Recognized Skill Standards
May 13, 2008
The Semiconductor Manufacturing Equipment Technician skill standards were developed in 2000 as a national effort by the Maricopa Advanced Technology Center with major funding from the National Science Foundation. Companies whose personnel contributed to the development of the skill standards include AMD, Texas Instruments, IBM, Intel, and Applied Materials.
Importance to Texas
The Semiconductor Manufacturing Equipment Technician skill standards provide a foundation for advanced manufacturing educational programs and are critical to prepare a highly skilled, highly technical workforce in the Texas semiconductor manufacturing industry.
The Advanced Technologies and Manufacturing industry is one of six industries included in the Texas Industry Cluster Initiative, which is leading the state toward realizing a vision to build the future economy of the state by focusing on strengthening competitive advantage.
According to the website www.texaswideopenforbusiness.com, Texas is the birthplace of the integrated circuit and has been a global leader in the semiconductor industry since the 1950s. Texas currently accounts for approximately 11.5 percent of the world's silicon processing capacity, according to the University of Texas at Austin's IC2 Institute. In 2007, Texas nationally ranked second for semiconductor manufacturing employment and overall high-tech employment, and saw the largest high tech employment gain in the nation, according to TechAmerica's (formerly AeA) Cyberstates 2009. Texas is home to one of the world's top five chip makers (Texas Instruments) and one of the semiconductor industry's leading research consortiums (SEMATECH). Major Texas semiconductor employers include Samsung, Texas Instruments, Raytheon, Freescale Semiconductor, Advanced Micro Devices, and Applied Materials.
Semiconductor manufacturing equipment technicians ensure that the manufacturing system fulfills customer and business requirements. They install and repair equipment on the semiconductor manufacturing floor. According to Texas Workforce Commission labor market information data projections for the period between 2006 and 2016, industrial machinery mechanics earn an average hourly wage of $20.52. The occupation is expected to grow steadily but it is also expected to have a strong requirement to fill openings created each year to replace workers who leave the occupation either through new employment or through retirement.

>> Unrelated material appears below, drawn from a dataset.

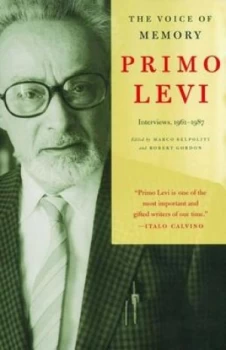 Image of The Voice of Memory by Primo Levi Paperback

Texas Instruments requested on behalf of the membership of the Semiconductor Manufacturing Technology (SMT) advisory committee of Richland College and Collin County Community College that the Semiconductor Manufacturing Equipment Technician skill standards be recognized. The skill standards were recognized on November 12, 2003.
The skill standards’ recognition was extended on May 13, 2008 at the request of the Maricopa Advanced Technology Center, based on continual use and review by industry and training providers as assurances of the skill standards’ ongoing validity and accuracy.